PRIMA VISIO, cap. VIII
The Angels' Fatal Pride
A multitude of angels, dazzled by their own brightness, forgot their Creator and resolved to exalt themselves above God.
But there was a certain innumerable multitude of angels who wanted to be from themselves, because when they saw their own great and glorious brightness shining in the highest, they led their Creator into oblivion. And before they had even begun to praise him, they reckoned among themselves that the splendor of their honor was so great that no one could resist them, and so they wanted to obscure God. For when they saw that they could never bring him to an end in his miracles, they abhorred him, and although they ought to have praised him, through a deceitful opinion they said that in their great brightness they would choose another god.1
The Fall into Darkness
The rebellious angels fell into darkness and powerlessness, and Lucifer, once adorned with all creaturely splendor, was cast out into lightless horror by divine justice.

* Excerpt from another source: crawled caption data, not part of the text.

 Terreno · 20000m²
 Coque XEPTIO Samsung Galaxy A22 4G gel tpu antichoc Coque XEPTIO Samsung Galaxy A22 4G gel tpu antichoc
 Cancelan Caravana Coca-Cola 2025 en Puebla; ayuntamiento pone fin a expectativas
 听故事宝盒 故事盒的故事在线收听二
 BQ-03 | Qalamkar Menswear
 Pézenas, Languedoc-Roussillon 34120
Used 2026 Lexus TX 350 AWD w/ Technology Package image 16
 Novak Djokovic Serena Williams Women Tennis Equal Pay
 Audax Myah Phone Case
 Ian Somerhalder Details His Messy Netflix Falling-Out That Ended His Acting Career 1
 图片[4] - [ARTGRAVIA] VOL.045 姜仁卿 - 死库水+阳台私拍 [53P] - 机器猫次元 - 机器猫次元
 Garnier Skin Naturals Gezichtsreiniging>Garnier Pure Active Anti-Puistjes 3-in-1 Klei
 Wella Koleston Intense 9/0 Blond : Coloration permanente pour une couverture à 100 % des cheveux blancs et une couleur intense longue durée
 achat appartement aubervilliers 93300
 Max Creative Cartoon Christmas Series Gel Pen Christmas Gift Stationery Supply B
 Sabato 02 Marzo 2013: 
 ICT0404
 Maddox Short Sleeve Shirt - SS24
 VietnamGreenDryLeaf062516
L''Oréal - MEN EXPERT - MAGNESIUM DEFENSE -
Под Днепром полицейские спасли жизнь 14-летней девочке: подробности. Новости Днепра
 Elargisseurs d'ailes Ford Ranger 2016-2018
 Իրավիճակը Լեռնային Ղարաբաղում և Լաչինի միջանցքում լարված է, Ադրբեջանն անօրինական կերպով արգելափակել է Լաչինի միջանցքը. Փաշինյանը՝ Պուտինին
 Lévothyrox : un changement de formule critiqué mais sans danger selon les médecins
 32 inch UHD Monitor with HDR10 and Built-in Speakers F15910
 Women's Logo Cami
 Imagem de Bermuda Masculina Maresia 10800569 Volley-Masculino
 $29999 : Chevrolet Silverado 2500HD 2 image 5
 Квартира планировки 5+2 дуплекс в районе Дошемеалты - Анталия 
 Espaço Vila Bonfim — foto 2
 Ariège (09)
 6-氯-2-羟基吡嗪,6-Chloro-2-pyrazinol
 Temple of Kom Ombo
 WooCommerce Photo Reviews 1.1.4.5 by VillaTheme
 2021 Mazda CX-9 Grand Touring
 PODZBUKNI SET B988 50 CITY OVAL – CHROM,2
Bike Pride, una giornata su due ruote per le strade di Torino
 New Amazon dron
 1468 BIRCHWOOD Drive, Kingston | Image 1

And so they fell into darkness, reduced to such impossibility that they can do nothing in any creature except what is permitted to them by their Creator. For when God had adorned the first angel, who is called Lucifer, with all the ornaments of creatures, which he had given to all creatures, in such a way that even his whole host would have its splendor from there, he himself, going into the opposite, became more horrible than all the horrors, because the holy Divinity, in his zeal, cast him out into a place that is without light.2
The Soul's True Radiance
When a person turns to imitate the Creator, they are drawn out of brutish irrationality and begin to shine with the radiance of their rational nature.
When someone turns to imitate their Creator, as if pulled out of a kind of brute irrationality, they begin to shine with the radiance of their rational nature.
Read the original Latin
Quaedam autem innumerabilis multitudo angelorum erat qui a se ipsis esse voluerunt, quoniam cum claritatem suam magnam et gloriosam in maxima coruscatione viderent, Creatorem suum in oblivionem duxerunt. Et priusquam etiam eum laudare incoepissent, in semetipsis computabant quod fulgor honoris eorum tantus esset, ut nullus eis resistere valeret; quapropter et Deum obfuscare volebant. Nam cum viderent quod eum in miraculis suis nunquam ad finem perducere possent, ipsum abhorruerunt, et cum eum laudare deberent, per fallacem opinionem dicebant quod in magna claritate sua alium deum eligerent. Unde in tenebras ceciderunt, ad tantam impossibilitatem redacti, ut in nulla creatura quidquam facere possint, nisi quantum eis a Creatore suo permittitur. Cum enim Deus primum angelum, qui Lucifer dictus est, cum omnibus ornamentis creaturarum quae omnibus creaturis dederat, ita ornasset, ut etiam totum agmen ejus inde splendorem haberet, ipse in contrarium vadens, horribilior cunctis horribilibus factus est, quoniam sancta Divinitas in zelo suo illum in locum qui sine luce est ejecit.
Quod homo ad imitationem Creatoris sui se dirigens, quasi ex quadam bestiali irrationabilitate abstractus, fulgore rationalis naturae radiare incipiat.
Notes
- 1 ↩The second 'cum' (token 16) is rendered concessive ('although') rather than temporal, following the candidate gloss difficulty note and the adversative sense of the passage.
- 2 ↩The first 'cum' (token 0) is temporal ('when'), 'enim' is explanatory ('For'), and the second 'cum' (token 9) is taken as prepositional ('with all ornaments') governing the ablative, following the candidate gloss difficulty note. 'Divinitas' is rendered as 'Divinity' rather than 'Godhead' to stay close to the surface form while preserving theological weight.